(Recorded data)
--------------------
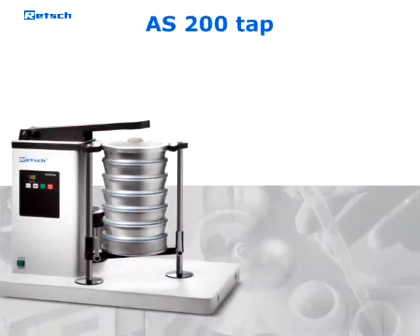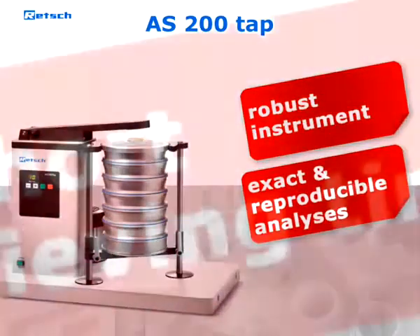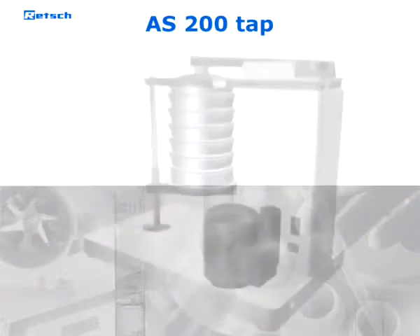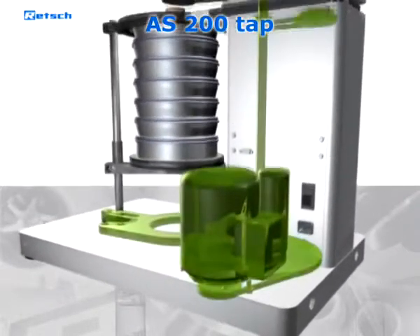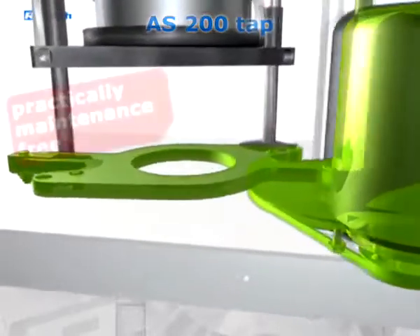The AS200 TAP is a robust instrument for exact and reproducible sieve analyses in a very short time. Unlike those of other tap sieve shakers, the robust and powerful drive designed and manufactured by Retsch is almost maintenance-free.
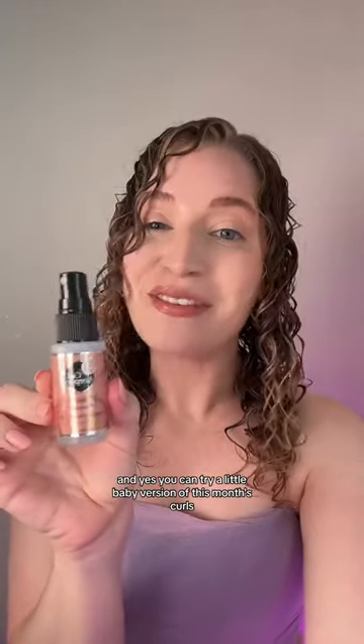And yes, you can try a little baby version of this one on Curls Monthly. Results in three, two, one. Zero frizz, perfect amount of hold. Like, can you ask for anything more?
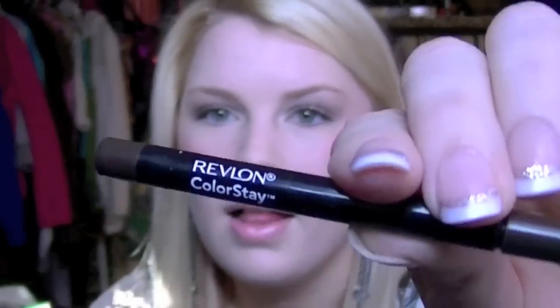Now I'm taking my eyeliner — it's the Revlon Colorstay eyeliner in brown — and applying it all around my eye, underneath and above. After lining the eye, I like to go back over the liner with the color used on the lid, which is Booty Call and Verve, and just cover up the eyeliner. It makes it really shiny, which is really pretty.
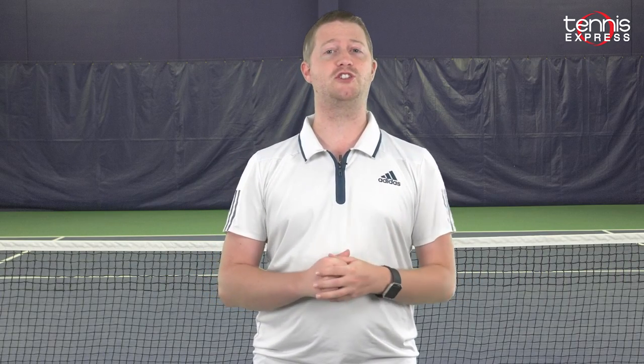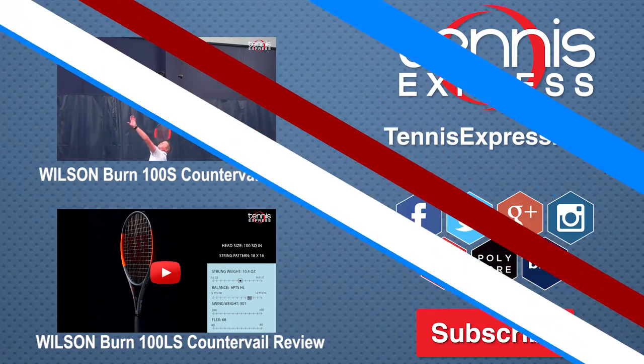Thanks for tuning in to our Tennis Express Racket Review. Be sure to check out our other videos on our YouTube channel to stay up to date on all the latest news here at Tennis Express.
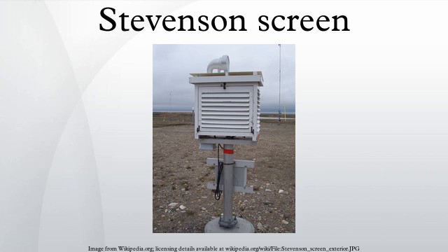A Stevenson screen, or instrument shelter, is an enclosure to shield meteorological instruments against precipitation and direct heat radiation from outside sources, while still allowing air to circulate freely around them. It forms part of a standard weather station.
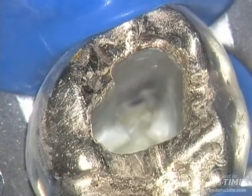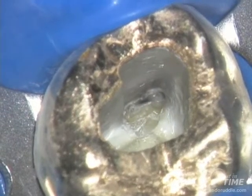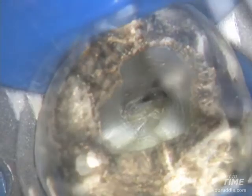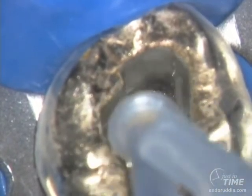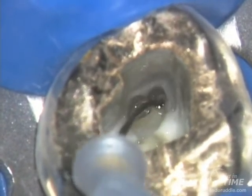Notice the change in the outline pattern from the occlusal view. We can use X-gates or Gates Gliddens to flare the orifice. By removing restrictive dentin, we're able to irrigate better — vacuum and irrigate.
--------------------
| Task details |
Your task is to reproduce the entries above word for word, from the first line through the line with "A Stevenson screen, or", and please leave out any pictures.

| Output for this task |
The AS200 TAP is a robust instrument for exact and reproducible sieve analyses in a very short time. Unlike those of other tap sieve shakers, the robust and powerful drive designed and manufactured by Retsch is almost maintenance-free.
And yes, you can try a little baby version of this one on Curls Monthly. Results in three, two, one. Zero frizz, perfect amount of hold. Like, can you ask for anything more?
Now I'm taking my eyeliner — it's the Revlon Colorstay eyeliner in brown — and applying it all around my eye, underneath and above. After lining the eye, I like to go back over the liner with the color used on the lid, which is Booty Call and Verve, and just cover up the eyeliner. It makes it really shiny, which is really pretty.
Thanks for tuning in to our Tennis Express Racket Review. Be sure to check out our other videos on our YouTube channel to stay up to date on all the latest news here at Tennis Express.
A Stevenson screen, or instrument shelter, is an enclosure to shield meteorological instruments against precipitation and direct heat radiation from outside sources, while still allowing air to circulate freely around them. It forms part of a standard weather station.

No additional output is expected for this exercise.